Monday 28 May 2012

First Love

.. you have persevered and have patience, and have laboured for My name’s sake and have not become weary. Nevertheless I have this against you, that you have left your first love. Remember therefore from where you have fallen; repent and do the first works, or else I will come to you quickly and remove your lampstand from its place—unless you repent. Rev 2:3-5 NKJV

These few verses are usually used to highlight the state of the ‘backslider’, and the threat of judgement if they don’t repent. God does not want any to perish, but to come to repentance, and I don’t think it matters to God how you come, as long as you return. The action of returning and repenting is the most important.

But wait. There are other loves, and we have all experienced at least some, if not all of them. The obvious one is our first human love. The memory of that first boyfriend or girlfriend stays with us, even when we have moved on and found our special person. In fact, I would go as far as to say, we probably needed to move on. What about your first car? The love of a young man (usually, but not always) with his first car never leaves, but chances are he still drives, but not the same car. He had to move on. After all, the car wouldn’t last forever. Then there was your first small house or flat, where many memories were made, but we have moved on because it got too small, so we loved it and left it for something better, but we still live in a house! What about our first job, or the first kiss, or the first Sunday School teacher who spurred you on and gave you something to strive for? You could add your own ‘first love’ to the list.

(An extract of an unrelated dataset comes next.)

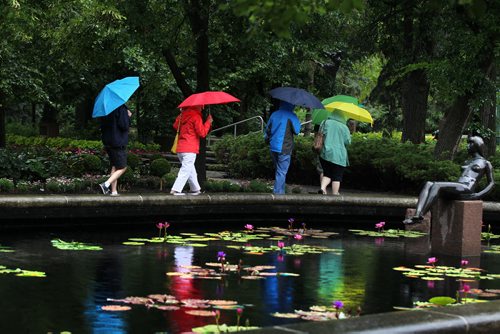 Family members carry colourful umbrella's while making their way past the lily pond in the Leo Mol Sculpture Garden on their way to a wedding rehearsal Wednesday evening in the rain.  Names from left - Dan Saydak (father of the groom), Marge (red) and Art Stubel and Joanne Saydak (yellow).  Standup photo  Aug 5, 2015 Ruth Bonneville / Winnipeg Free Press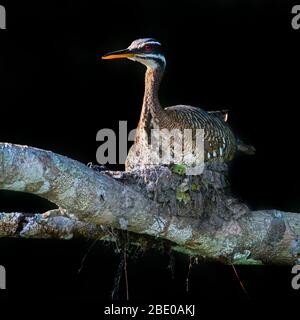 Sunbittern (Euryga helias) assis au nid, Porto Jofre, Pantanal, Brésil Banque D'Images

The first love we had when we came to know Christ as a Saviour, can also change and fade with time. That can be normal and usual, as long as the flame does not go out altogether. If your spiritual first love is fading or waning, then the warning in the verse is clear. Repent and return to your first works. In all the other cases above, showing some of our first loves, and how we reacted when that first love faded, we had to move on for our own benefit and good. It is important in the normal phases of life, and so I leave you with this thought: What if your first love cannot be rekindled in the church of your youth, where you found Christ as Saviour? What then? Stay and flicker, or renew elsewhere? Big question, but with no easy answer.